- Opening Delimiter -
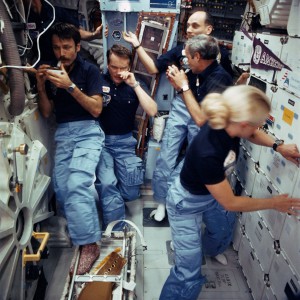 Poor Karol "Bo" Bobko (second left, rubbing nose) supported his crew through two canceled missions before they finally made it into orbit on 12 April 1985. Photo Credit: NASA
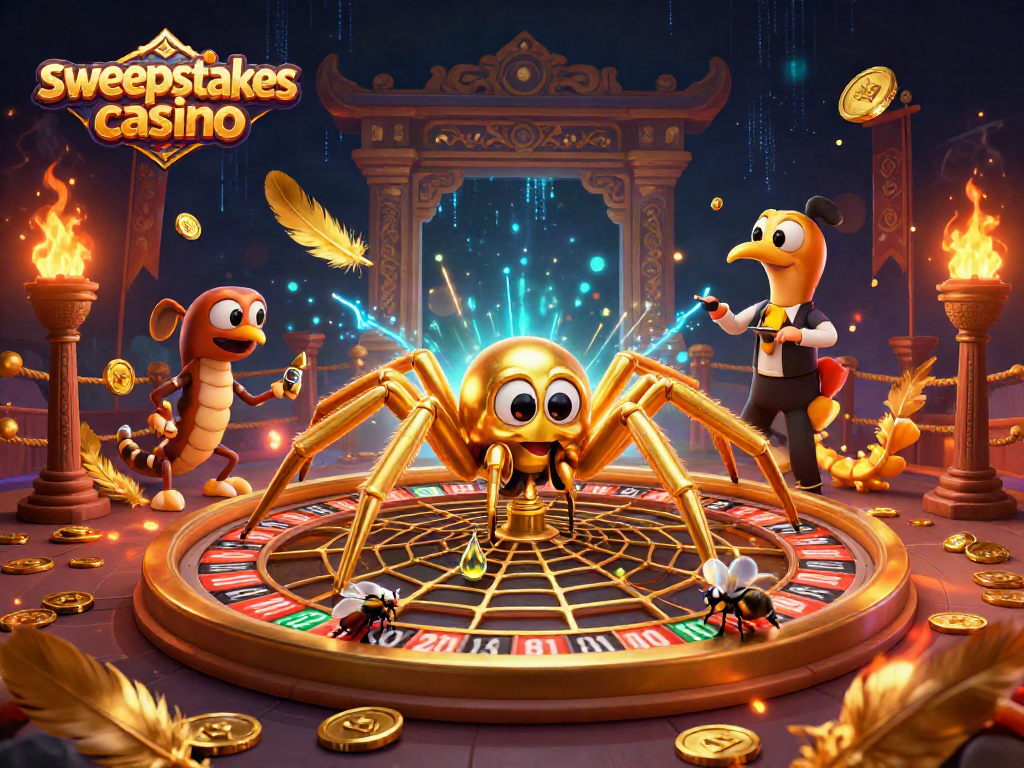 Engage in the sweepstakes casino excitement with a dynamic 3D illustration of characters placing bets.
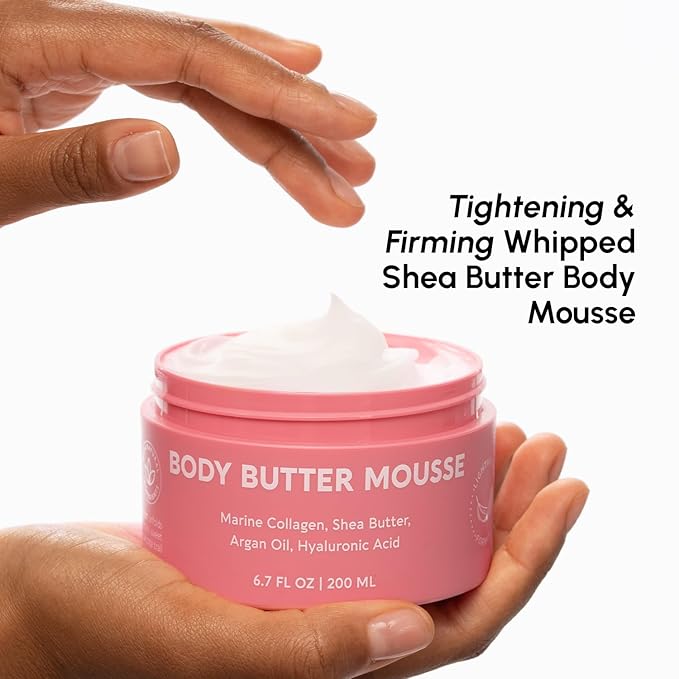 MAREE Moisturizer Body Butter Mousse - Whipped Body Butter for Women Smell Good - Facial Moisturizer for Dry Skin - Face Hand Body Cream for Women & Men with Marine Collagen, Shea Butter & Argan Oil-Velvo Beauty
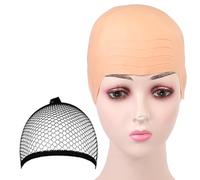 Mirweon Cappelli calvi finta pelle testa di Halloween Cosplay Accessori costume cappello calvo per adulti bambini parrucche calve tappi con retina per capelli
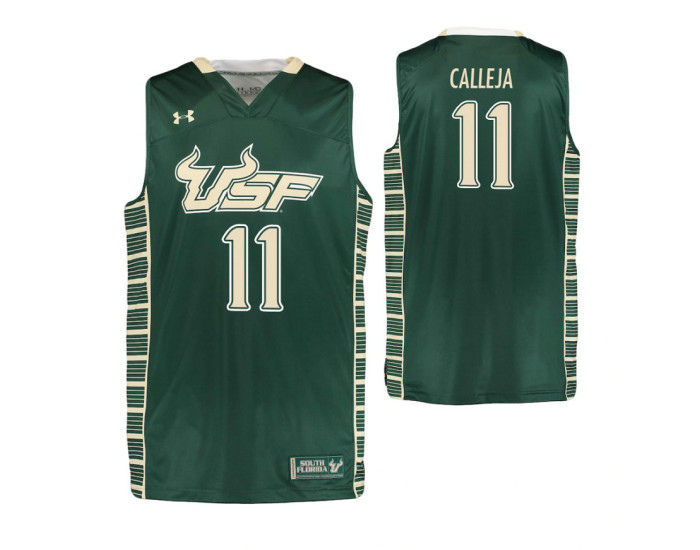 South Florida Bulls #11 Mark Calleja Authentic College Basketball Jersey Green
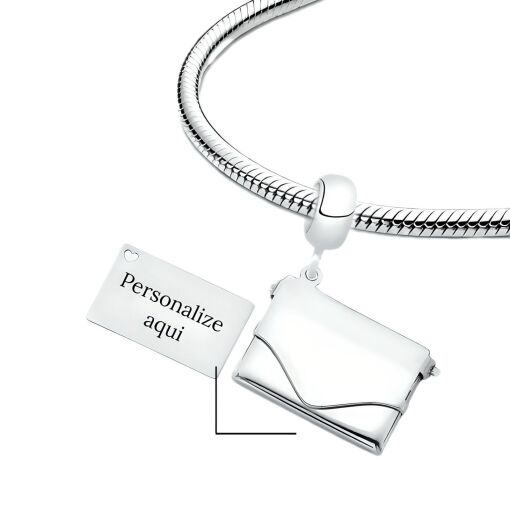 Berloque de Prata Relicário Envelope Escrita Personalizável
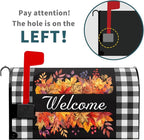 Fall Thanksgiving Maple Leaves Buffalo Plaid Mailbox Covers Magnetic Autumn Harvest Seasonal Holiday Welcome Post Letter Box Cover Standard Size 25.5x21 Inch for Garden Yard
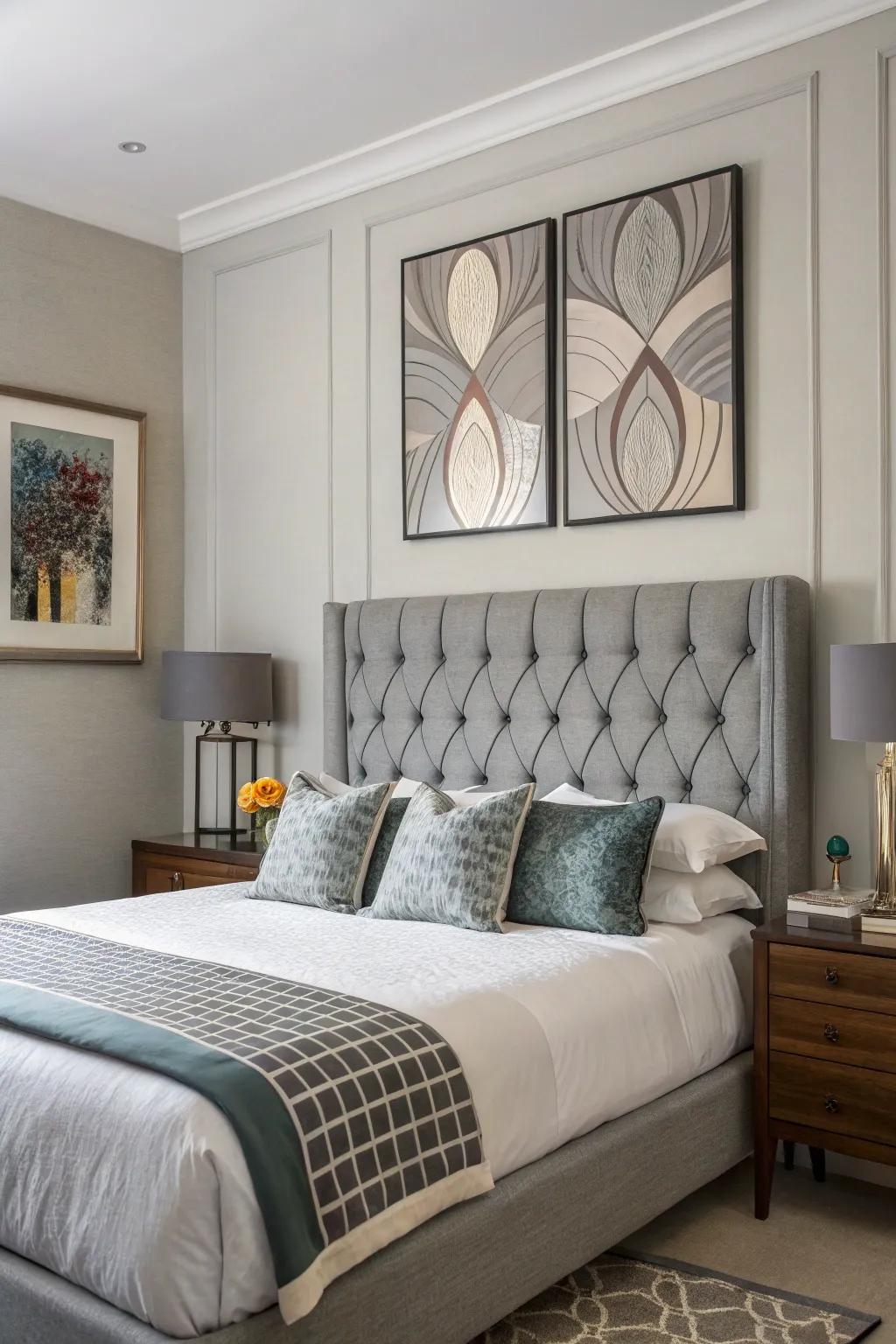 A creative touch above a grey headboard with creative wall art.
- Closing Delimiter -
An acceptable answer consists of the lines above from the one holding "South Florida Bulls" to the end of the data, repeated exactly and containing no pictures.

 South Florida Bulls #11 Mark Calleja Authentic College Basketball Jersey Green
 Berloque de Prata Relicário Envelope Escrita Personalizável
 Fall Thanksgiving Maple Leaves Buffalo Plaid Mailbox Covers Magnetic Autumn Harvest Seasonal Holiday Welcome Post Letter Box Cover Standard Size 25.5x21 Inch for Garden Yard
 A creative touch above a grey headboard with creative wall art.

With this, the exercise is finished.